The idea is to use binary diffs to patch the package if this results in a significantly smaller download.  I saw someone posted numbers recently showing it would work great with most pkgrel bumps and minor pkgver bumps.

However, you can't find delta files for official Arch packages anywhere because this is not used yet.  The Arch infrastructure is not setup for it and I don't think it is high on anyones priority list...

Offline

#3 2008-06-16 16:44:54

shining
Pacman Developer
Registered: 2006-05-10
Posts: 2,043

Re: Pacman Options (total download, show size and use delta)

Allan wrote:

The idea is to use binary diffs to patch the package if this results in a significantly smaller download.  I saw someone posted numbers recently showing it would work great with most pkgrel bumps and minor pkgver bumps.

However, you can't find delta files for official Arch packages anywhere because this is not used yet.  The Arch infrastructure is not setup for it and I don't think it is high on anyones priority list...

To make it worse, this feature is currently broken in pacman 3.2 development version, and it will probably still be broken when 3.2 is released.
But who cares, it is not used anyway wink


pacman roulette : pacman -S $(pacman -Slq | LANG=C sort -R | head -n $((RANDOM % 10)))

Offline

#4 2008-06-16 17:18:55

u_no_hu
Member
Registered: 2008-06-15
Posts: 453

Re: Pacman Options (total download, show size and use delta)

@ shining
But wont it be much beneficial for a rolling release distro like arch to have delta packages instead of regular packages when we are updating the whole system?? Will help those who have low speed connections...


Don't be a HELP VAMPIRE. Please search before you ask.

Subscribe to The Arch Daily News.

Offline

#5 2008-06-16 19:21:45

shining
Pacman Developer
Registered: 2006-05-10
Posts: 2,043

Re: Pacman Options (total download, show size and use delta)

u_no_hu wrote:

@ shining
But wont it be much beneficial for a rolling release distro like arch to have delta packages instead of regular packages when we are updating the whole system?? Will help those who have low speed connections...

I didn't say that it wasn't useful, just that no one is interested in fixing it, and no one is interested to putting it in place.


pacman roulette : pacman -S $(pacman -Slq | LANG=C sort -R | head -n $((RANDOM % 10)))

Offline

#6 2008-08-17 19:17:21

g2g591
Member
Registered: 2007-12-24
Posts: 54

Re: Pacman Options (total download, show size and use delta)

sorry for the bump, but I'd really love to see UseDelta become implemented, it saves tons of time downloading (on Gentoo at least) and it would put use less bandwith.
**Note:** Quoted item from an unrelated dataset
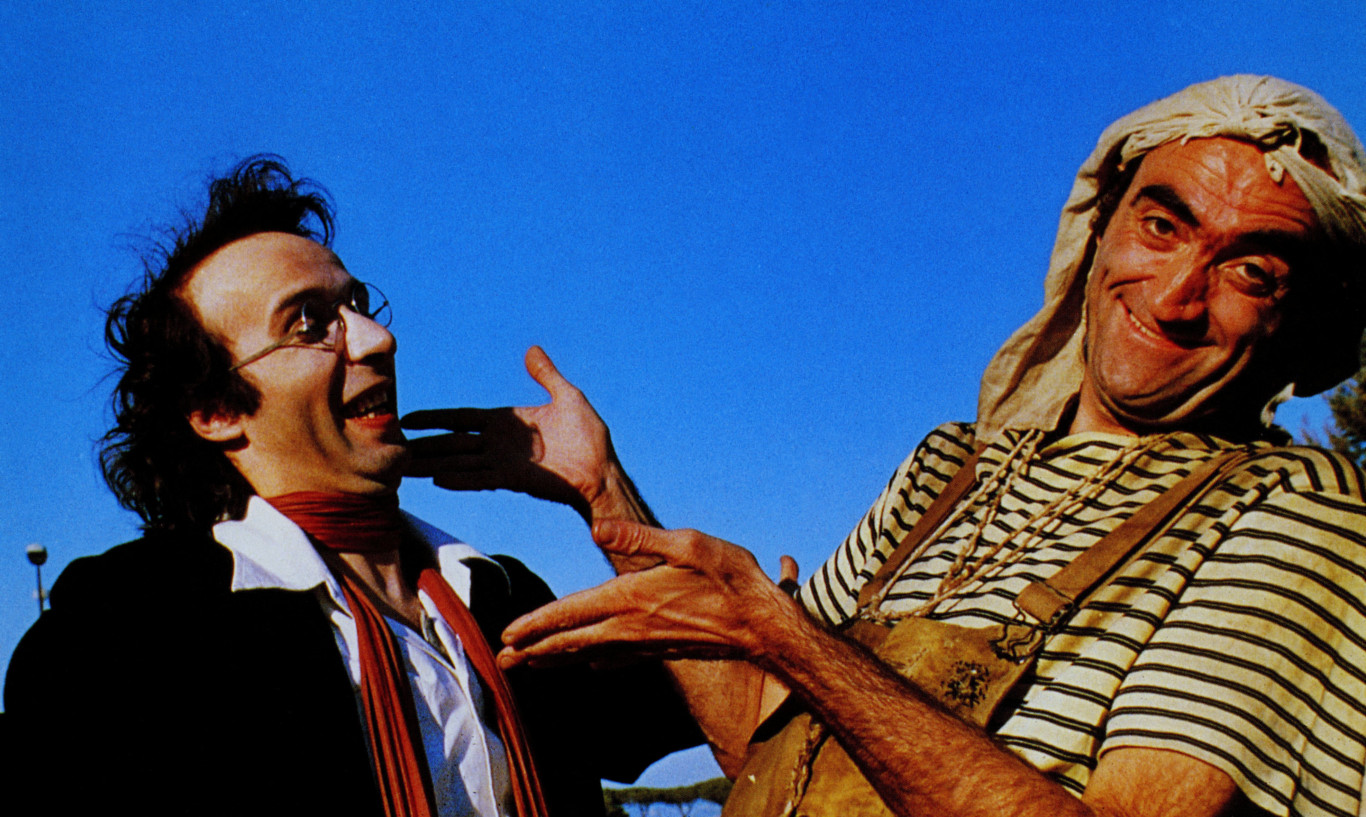 Az olasz tanácsos csak be akart kapni valamit a minisztériumi fogadáson, akkora repülés lett belőle, hogy majdnem lefejezte a fasiszta ólomüveg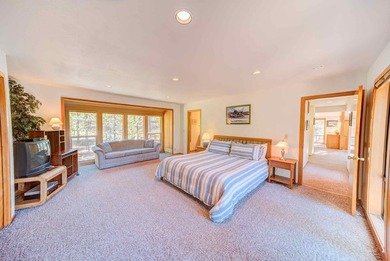 Welcome to 15 White Elm, this home has been with the same family - photo 19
It would greatly benefit dial-up users and people with slow DSL (like me, I get 13Kb/s ...) .

Offline

#7 2008-08-17 19:47:25

shining
Pacman Developer
Registered: 2006-05-10
Posts: 2,043

Re: Pacman Options (total download, show size and use delta)

g2g591 wrote:

sorry for the bump, but I'd really love to see UseDelta become implemented, it saves tons of time downloading (on Gentoo at least) and it would put use less bandwith. It would greatly benefit dial-up users and people with slow DSL (like me, I get 13Kb/s ...) .

Help then smile


pacman roulette : pacman -S $(pacman -Slq | LANG=C sort -R | head -n $((RANDOM % 10)))

Offline

#8 2008-08-18 17:13:33

Daenyth
Forum Fellow
From: Boston, MA
Registered: 2008-02-24
Posts: 1,244

Re: Pacman Options (total download, show size and use delta)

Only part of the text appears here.